For example, in the function \( f(x) = x + 3 \), the basic linear function \( y = x \) is shifted upwards by 3 units.

• A positive constant (like +3) shifts the graph upwards.
• A negative constant would shift the graph downwards.

To apply a vertical translation, simply move every point on the graph of the basic function up or down the specified number of units. This will change the position of the line on the graph, although its slope remains the same as the original function.

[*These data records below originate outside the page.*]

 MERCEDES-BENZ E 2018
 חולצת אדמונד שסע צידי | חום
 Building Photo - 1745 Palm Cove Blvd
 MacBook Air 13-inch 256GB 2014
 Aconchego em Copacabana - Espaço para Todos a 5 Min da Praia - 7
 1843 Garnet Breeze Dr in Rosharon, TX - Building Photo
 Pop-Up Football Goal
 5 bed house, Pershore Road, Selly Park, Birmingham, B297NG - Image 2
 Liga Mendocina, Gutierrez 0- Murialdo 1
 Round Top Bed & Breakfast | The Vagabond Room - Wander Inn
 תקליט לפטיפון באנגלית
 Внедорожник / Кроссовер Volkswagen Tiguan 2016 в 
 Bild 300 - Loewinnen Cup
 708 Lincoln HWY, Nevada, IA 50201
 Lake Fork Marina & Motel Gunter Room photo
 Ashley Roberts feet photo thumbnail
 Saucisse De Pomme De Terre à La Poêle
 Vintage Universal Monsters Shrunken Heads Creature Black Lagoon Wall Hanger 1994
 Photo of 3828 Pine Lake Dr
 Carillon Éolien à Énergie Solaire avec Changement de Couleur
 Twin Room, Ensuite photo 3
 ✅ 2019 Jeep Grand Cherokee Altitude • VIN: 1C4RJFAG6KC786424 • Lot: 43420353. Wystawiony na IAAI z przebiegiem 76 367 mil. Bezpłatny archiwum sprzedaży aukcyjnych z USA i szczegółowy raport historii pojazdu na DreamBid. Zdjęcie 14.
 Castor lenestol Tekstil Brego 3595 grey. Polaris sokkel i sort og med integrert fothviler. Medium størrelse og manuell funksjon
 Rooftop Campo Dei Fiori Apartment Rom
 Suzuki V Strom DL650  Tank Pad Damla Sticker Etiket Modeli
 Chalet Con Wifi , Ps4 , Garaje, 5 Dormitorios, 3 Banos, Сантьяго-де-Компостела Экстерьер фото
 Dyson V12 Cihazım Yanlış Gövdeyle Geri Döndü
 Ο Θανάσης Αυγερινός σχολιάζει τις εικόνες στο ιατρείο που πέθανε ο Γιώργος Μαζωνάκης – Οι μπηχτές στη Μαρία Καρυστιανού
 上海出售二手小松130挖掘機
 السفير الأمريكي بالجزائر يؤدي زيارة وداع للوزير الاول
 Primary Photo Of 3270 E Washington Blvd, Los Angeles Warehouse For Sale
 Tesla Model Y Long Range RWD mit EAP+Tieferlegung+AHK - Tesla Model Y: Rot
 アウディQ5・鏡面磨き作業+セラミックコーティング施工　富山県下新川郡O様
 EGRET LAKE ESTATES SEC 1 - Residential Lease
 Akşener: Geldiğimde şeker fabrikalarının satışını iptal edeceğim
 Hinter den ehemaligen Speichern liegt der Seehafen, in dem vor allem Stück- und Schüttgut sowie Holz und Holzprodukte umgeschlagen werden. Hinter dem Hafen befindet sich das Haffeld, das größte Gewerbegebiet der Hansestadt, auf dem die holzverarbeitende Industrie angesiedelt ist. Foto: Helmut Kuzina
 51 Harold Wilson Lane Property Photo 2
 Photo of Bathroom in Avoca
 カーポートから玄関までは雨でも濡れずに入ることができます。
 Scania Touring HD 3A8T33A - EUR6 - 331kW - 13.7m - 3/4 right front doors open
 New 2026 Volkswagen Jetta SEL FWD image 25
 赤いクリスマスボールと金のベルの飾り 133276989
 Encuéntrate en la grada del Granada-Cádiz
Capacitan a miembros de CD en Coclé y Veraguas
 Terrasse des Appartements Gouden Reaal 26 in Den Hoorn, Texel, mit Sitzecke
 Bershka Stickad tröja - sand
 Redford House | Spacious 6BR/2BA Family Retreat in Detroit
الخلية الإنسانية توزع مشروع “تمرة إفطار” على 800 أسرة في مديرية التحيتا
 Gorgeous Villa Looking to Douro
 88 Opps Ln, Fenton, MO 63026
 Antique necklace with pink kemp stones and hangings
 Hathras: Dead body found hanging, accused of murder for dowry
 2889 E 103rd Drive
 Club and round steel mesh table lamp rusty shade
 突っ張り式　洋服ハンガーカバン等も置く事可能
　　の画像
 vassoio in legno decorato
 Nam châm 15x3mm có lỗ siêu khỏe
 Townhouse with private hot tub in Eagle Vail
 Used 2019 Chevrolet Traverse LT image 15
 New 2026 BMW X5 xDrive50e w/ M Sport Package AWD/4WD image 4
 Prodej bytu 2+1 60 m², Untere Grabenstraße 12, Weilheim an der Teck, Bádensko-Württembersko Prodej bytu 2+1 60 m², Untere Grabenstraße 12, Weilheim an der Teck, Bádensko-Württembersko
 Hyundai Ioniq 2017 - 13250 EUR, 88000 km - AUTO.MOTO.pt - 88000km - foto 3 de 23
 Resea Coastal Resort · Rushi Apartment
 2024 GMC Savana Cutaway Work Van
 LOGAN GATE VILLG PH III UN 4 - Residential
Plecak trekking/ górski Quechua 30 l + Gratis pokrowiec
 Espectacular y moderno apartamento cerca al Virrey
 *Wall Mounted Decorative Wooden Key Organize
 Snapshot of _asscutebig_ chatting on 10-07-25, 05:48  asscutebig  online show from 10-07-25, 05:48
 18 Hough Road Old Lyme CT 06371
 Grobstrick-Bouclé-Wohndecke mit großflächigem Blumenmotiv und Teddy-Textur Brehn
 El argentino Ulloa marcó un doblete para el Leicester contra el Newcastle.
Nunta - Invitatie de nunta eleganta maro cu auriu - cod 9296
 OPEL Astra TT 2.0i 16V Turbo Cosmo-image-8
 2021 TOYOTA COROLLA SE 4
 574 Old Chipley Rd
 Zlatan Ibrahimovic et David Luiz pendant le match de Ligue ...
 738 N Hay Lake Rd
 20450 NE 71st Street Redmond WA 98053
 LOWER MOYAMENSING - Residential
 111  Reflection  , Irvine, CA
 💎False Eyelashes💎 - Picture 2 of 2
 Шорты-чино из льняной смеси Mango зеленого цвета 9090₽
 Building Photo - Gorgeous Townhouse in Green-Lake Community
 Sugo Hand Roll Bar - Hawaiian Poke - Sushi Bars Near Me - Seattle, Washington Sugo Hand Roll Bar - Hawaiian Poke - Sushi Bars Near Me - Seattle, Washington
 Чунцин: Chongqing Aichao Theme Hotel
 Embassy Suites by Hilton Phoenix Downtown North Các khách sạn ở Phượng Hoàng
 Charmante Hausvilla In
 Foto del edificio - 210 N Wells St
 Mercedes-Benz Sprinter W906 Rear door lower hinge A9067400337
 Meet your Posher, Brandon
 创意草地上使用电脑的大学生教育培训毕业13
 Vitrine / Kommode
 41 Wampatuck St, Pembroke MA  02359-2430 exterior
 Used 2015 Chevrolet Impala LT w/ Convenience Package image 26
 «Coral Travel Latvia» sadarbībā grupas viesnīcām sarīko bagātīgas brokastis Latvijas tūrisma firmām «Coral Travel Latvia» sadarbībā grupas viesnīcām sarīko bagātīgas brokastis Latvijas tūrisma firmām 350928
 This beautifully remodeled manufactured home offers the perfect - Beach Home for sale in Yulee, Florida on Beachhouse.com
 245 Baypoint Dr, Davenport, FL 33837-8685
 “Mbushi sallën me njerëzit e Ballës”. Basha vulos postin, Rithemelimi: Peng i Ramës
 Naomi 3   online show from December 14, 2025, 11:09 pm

The concepts of domain and range are crucial to understanding functions. Let's consider the function \( f(x) = x + 3 \). Both the domain and range of this function refer to the set of input and output values that the function can take.**Domain:** The domain of a function is the set of all possible x-values. For a linear function like \( f(x) = x + 3 \), the domain is all real numbers, because you can substitute any real number for x and the function will produce a valid output. This is written as \( (-\infty, \infty) \), indicating that x can be any number from negative infinity to positive infinity. **Range:** The range is the set of all possible y-values. For \( f(x) = x + 3 \), the range is also all real numbers. Since the function is linear and continues indefinitely in both the upward and downward directions, every real number can be a result of the function, effectively making the range \( (-\infty, \infty) \) as well.

Understanding the basic structure of linear functions is fundamental to graphing them accurately. The simplest form of a linear function is \( y = x \), which is represented by a straight line that passes through the origin (0,0).
This line has a slope of 1, indicating that for every unit increase in x, there is an equivalent unit increase in y.

• The graph of a basic linear function will always form a straight line.
• There is no curvature, and the slope (or steepness) remains constant throughout.

Recognizing a basic linear function helps identify how modifications, such as vertical translations, changes the graph. No matter the transformations, the underlying principle of a constant slope remains.